EXERCISE BRIEF:
Except for images, print the whole listing verbatim.

DATA BLOCK:
=-=-=
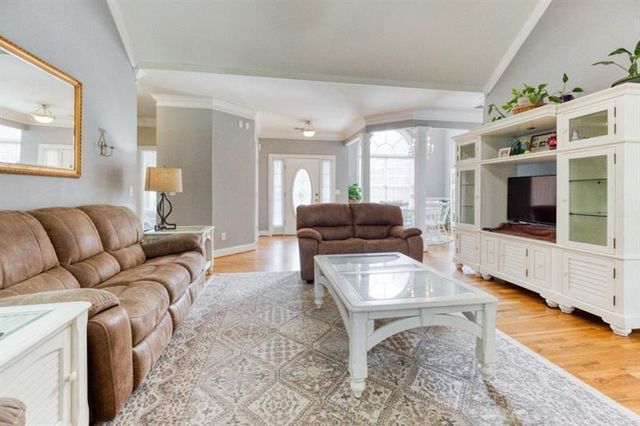 518 Mary Margaret Walk, Loganville, GA 30052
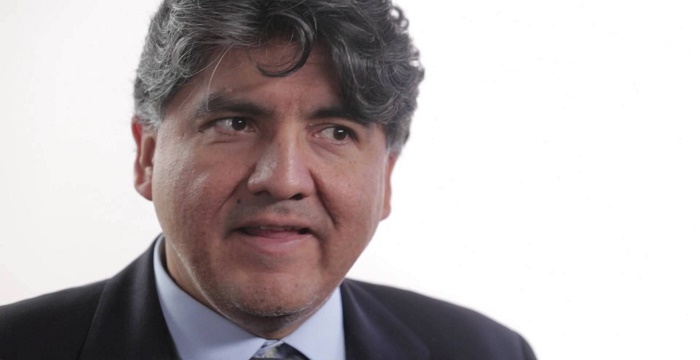 Sherman Alexie Bio, Early Life, Career, Net Worth and Salary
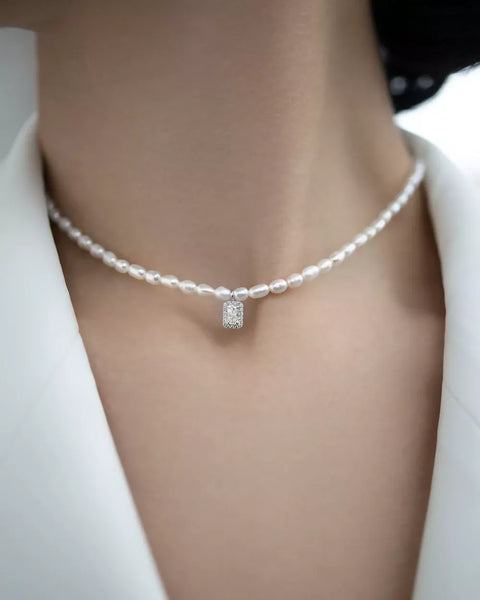 Necklace With Micropearl And Pendant Element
=-=-=
SOLUTION TO THIS EXERCISE:
 518 Mary Margaret Walk, Loganville, GA 30052
 Sherman Alexie Bio, Early Life, Career, Net Worth and Salary
 Necklace With Micropearl And Pendant Element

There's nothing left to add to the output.